As HSBC economist Paul Bloxham noted this week, there are growing signs that the central bank is getting traction after cutting its cash rate from 4.75 per cent to 3 per cent between October 2011 and December last year.

There are concerns that a crunch could come next year if the resources sector retreats before activity in the rest of the economy has picked up.

It could happen if Woodside's decision to shelve the $40 billion-plus Browse LNG development in the face of cost blowouts, a high $A and soft prices is a harbinger of coal seam LNG export project deferrals in Queensland, or if the rest of the economy is slow to accelerate.

The non-resources economy does have a better feel about it than it did late last year.

Retail sales rose by a seasonally adjusted 1.3 per cent in February, and are up 3.2 per cent in a year. Building approvals rose by 3.1 per cent in February and by 12.8 per cent in a year. House prices rose by 1.7 per cent in the March quarter, and by 3.2 per cent in a year.

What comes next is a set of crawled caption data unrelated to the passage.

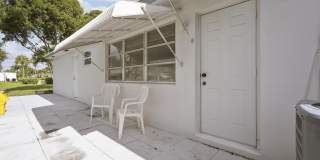 1142 W Circle Ter W Gallery 23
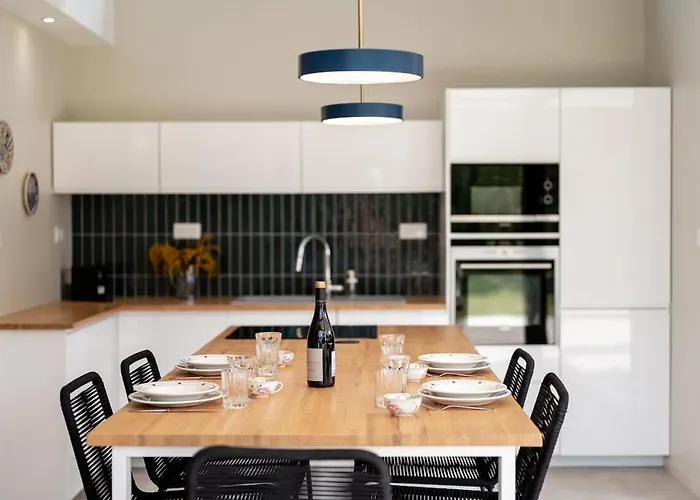 Canopy Entre Pins Et Ferienhaus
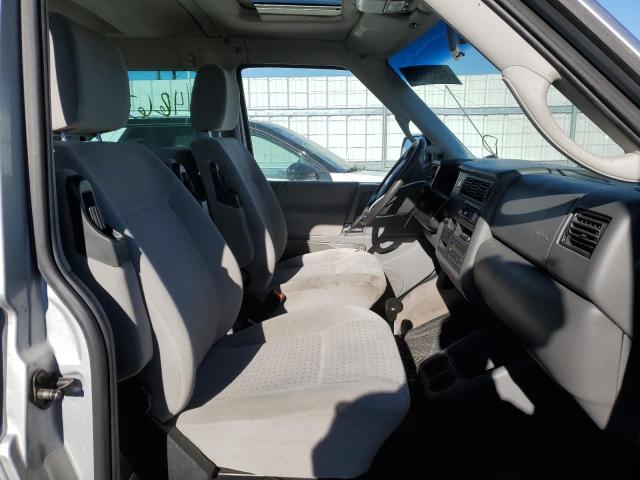 Photo 5 from auction – 2003 VOLKSWAGEN VANAGON with VIN WV2MB47023H043691
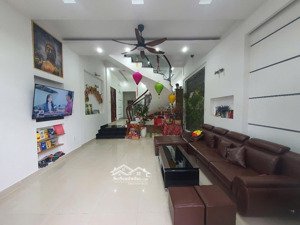 cho thuê nhà nguyên căn full nội thất - xách va ly vào ở khu nam việt á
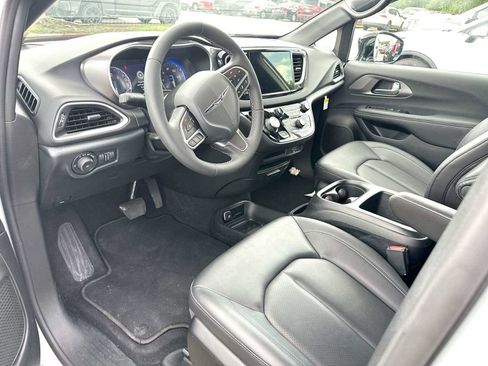 Used 2026 Chrysler Pacifica Select FWD image 4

The housing picture changes from city to city. Australian Property Monitors estimates that Melbourne house prices are still 4.2 per cent below their mid-2010 peak, for example, while Sydney prices are 4 per cent above their mid-2011 high. Brisbane prices are still 7 per cent short of a mid-2010 peak, and Adelaide is 6.1 per cent below its mid-2010 peak.

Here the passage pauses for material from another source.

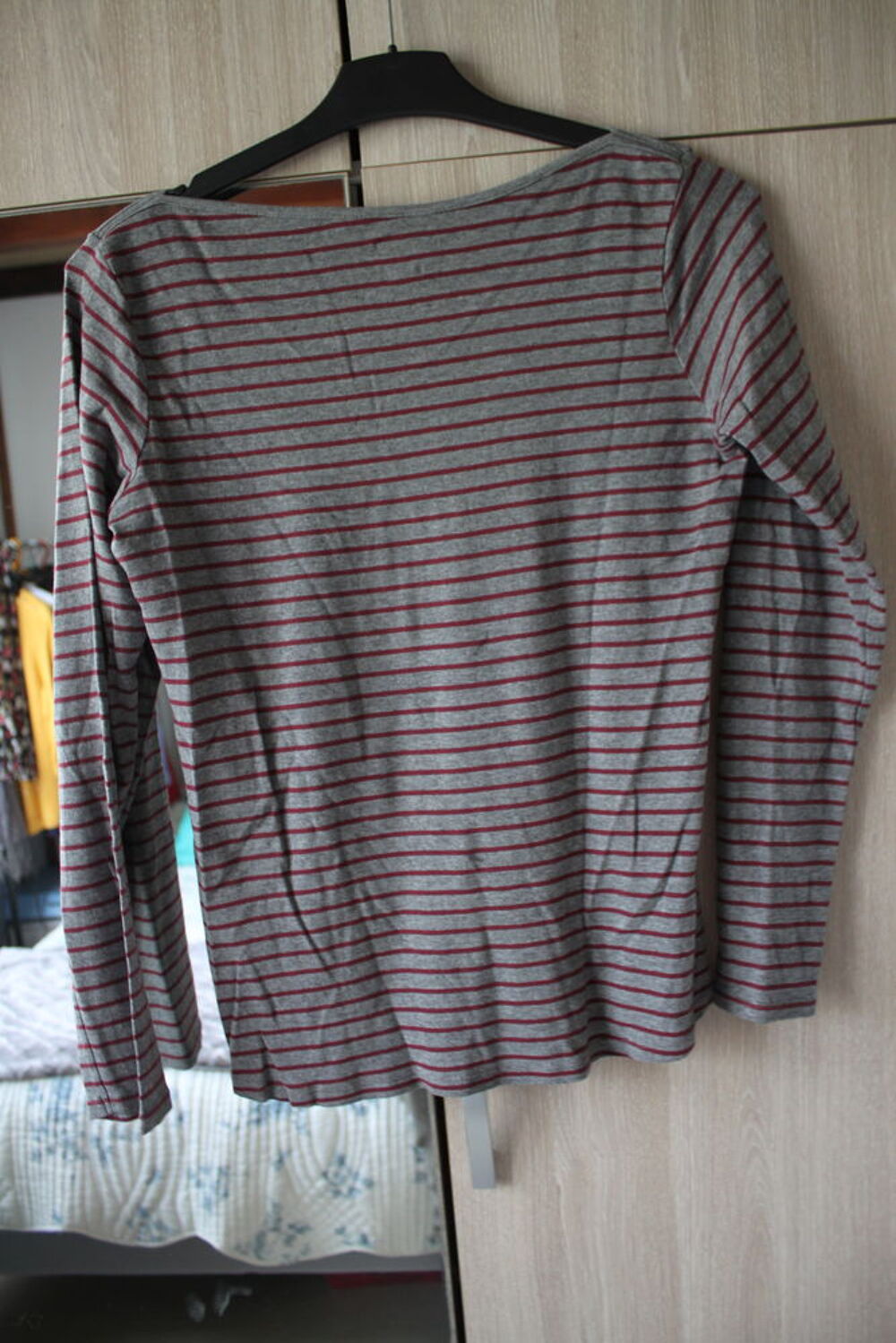 Tee-shirt Camaieu manches longues gris et rayures rouge T3 Vêtements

Clearly the housing market is recovering from the hangover that came after the boom in 2009 and the first half of 2010 when rates were tumbling and global crisis stimulus including first home buyer grants were on offer.

Melbourne house prices rose by a ridiculous 30 per cent during that time, and Sydney prices rose by 20 per cent. The current steady rate of growth is healthier, and more rate cuts might actually push demand and prices up too hard.

There are caveats, of course. The retail turnover numbers may be being boosted by carbon tax household assistance, for example. Corporate reinvestment in the non-resources economy has not taken off, and right across the economy employment prospects are less secure than they were last year as companies chase productivity growth. But the trend seems to be improving and, after this inflation result, there is no doubt the Reserve can cut rates at least twice if it changes.

China shop bullish

The Reserve Bank also kicked a goal on Australia's behalf on Wednesday with deputy governor Philip Lowe's announcement in Shanghai that the central bank will invest about 5 per cent of its foreign reserves in Chinese government bonds.

The move follows last year's negotiation of a currency swap facility between the Reserve and China's central bank, and this month's announcement that the $A would join the US dollar and the yen in being directly traded with the yuan. The moves make sense given the size of the trading relationship between the two countries: and by buying Chinese government bonds the Reserve is taking a position in a currency that should appreciate over time, on its way to becoming one of the world's key reserve currencies.